February 18, 2016

Forest Supervisor, Tongass National Forest
Attn: Forest Plan Amendment
648 Mission Street
Ketchikan, AK 99901

Subject: Comments on 2016 TLMP

The Greater Ketchikan Chamber of Commerce is a diverse community-based organization comprised of over 200 members, including private sector businesses, non-profit organizations, and local governments. The Ketchikan Chamber of Commerce believes that progress is best made through unity. We bring businesses, investors, and customers together, and work towards the common goal of encouraging a sustainable economy which can preserve the socioeconomic well-being of our community, and the families who call it home.

Approximately 90% of southeast Alaska is subject to federal ownership. The majority of this land is the Tongass National Forest, which comprises 16.9 million acres of Southeast Alaska. The Tongass is endowed with a wealth of timber and mineral wealth which helped support the initial development of Alaska Territory, the development of Ketchikan and many other rural communities, and the economic case for eventual statehood.
The Ketchikan Chamber of Commerce supports management of the Tongass in a manner which sustains the economic well-being of the region. In light of the limited economic and population growth in Southeast Alaska, it is essential that additional timber, mineral, and renewable energy resources within the Tongass be developed to grow the region’s economy, and strengthen rural communities like Ketchikan. Our comments on the US Forest Service’s Draft EIS for the proposed Tongass Transition Plan Amendment, which follow below, reflect this need.

The Ketchikan Chamber of Commerce comments incorporate by reference the comments made on this Transition Plan Amendment by the Alaska Forest Association (AFA), the Alaska Miners Association (AMA), Southeast Conference, and the Resource Development Council (RDC).

Comments on the DEIS for the USFS’s Proposed Tongass Transition Plan Amendment to the Current 2008 Amended Tongass Land Management Plan (TLMP)

Management Practices in General

The Forest Service should re-delegate to the Forest Supervisor and District Rangers the authority to make permitting decisions within IRAs.
Logging roads constructed during initial timber harvest activities can be very beneficial to subsequent harvest rotations. The practice of road decommissioning is expensive, wasteful, unnecessary, and reduces ancillary community benefits such as access for tourism, hunting, fishing, hiking, wildlife viewing, subsistence activities, and more.
Timber

Generally, the Ketchikan Chamber of Commerce concurs with the comments of the AFA. In addition, the following issues are of particular concern.
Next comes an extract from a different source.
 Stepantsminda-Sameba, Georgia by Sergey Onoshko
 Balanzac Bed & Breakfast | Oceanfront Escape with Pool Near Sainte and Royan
The DEIS erroneously blames the closure of pulp mills on poor markets. In fact, it was the USFS’s changes to timber supply contracts which undermined the economic viability of the pulp mills, and led to their closure. Similarly, southeast Alaska’s timber industry and employment has constricted severely over the last decade due to the USFS’s inability to provide a reliable, meaningful, and consistent supply of timber.
Southeast Alaska’s communities and businesses did not seek the transition to a young growth-based timber industry. The concept was not locally-generated in support of commonly-held community socioeconomic goals. The DEIS acknowledges that the Transition strategy originated from the Secretary of Agriculture, who imposed this concept upon the region. The DEIS fails to mention that the Transition strategy has met with significant opposition by the timber industry, the State of Alaska, the Alaska Congressional Delegation, and many communities in the region due to the fact that it has strong potential to undermine existing industry, and result in economic harm to communities, businesses, and families. The Ketchikan Chamber is concerned by the fact that the Transition seems motivated by political opportunity, rather than by economic opportunity, or commonly-held community values, goals, and objectives.
An expedited transition to a young growth-based industry is a highly speculative, risk-laden decision. There is a strong chance the transition may not be financially, economically, or technically feasible, and that it might fail. Ketchikan and other communities throughout southeast Alaska would bear the consequences of a failed experiment. The USFS is betting southeast Alaskan jobs and livelihoods upon a successful outcome. It would be far less risky for the USFS to follow-through on its existing commitment to meet demand and sustain businesses and families through a reliable, adequate supply of old growth timber. The DEIS does not analyze the potential impacts and costs to businesses and communities if the USFS’s proposed experiment fails.
Alarmingly, much of the analysis which supports the USFS’s gamble is inadequate, insufficiently developed and/or flawed, which sets up the proposed transition for failure, and southeast Alaskan communities for significant harm.
• The DEIS fails to acknowledge that the USFS does not have an adequate inventory of existing young growth stands which produces the sound information necessary to inform a Transition strategy, and support economically responsible decisions which can maintain the economic well-being of communities like Ketchikan. The agency’s timber growth model appears to significantly overstate young growth timber volumes.
• A credible financial analysis is necessary to meet the Secretary of Agriculture’s Memorandum 1044-009, which directs the USFS to “maintain the existing industry.” The USFS has not completed a credible financial analysis of the feasibility of manufacturing timber products, exporting logs, or biomass manufacture/utilization under the proposed Transition. Instead, the DEIS relies heavily on a 2009 Nature Conservancy report to assert that young growth manufacturing in southeast Alaska is currently feasible. The DEIS fails to mention that the Nature Conservancy’s report indicates that current manufacturing of young growth would require federal subsidies.
• Timber and forest products businesses have identified a wide variety of very credible flaws and errors within the USFS’s draft, revised demand analysis. These concerns are detailed within the AFA’s comments. The Chamber is concerned that faulty assumptions and errors in the demand analysis result in flawed economic benefit and job creation benefit projections within the DEIS.
• There is a need for higher quality “investment grade” information, including detailed stand-by-stand analysis for all young growth stands within the identified young growth timber base, and bankable feasibility studies for suggested harvest and manufacturing operations. The private sector should conduct a peer review of this information, including detailed business plans with financial pro formas. The USFS should not attempt to invest in a transition to new industry sectors / business lines without “investment grade” analysis, and bankable feasibility information.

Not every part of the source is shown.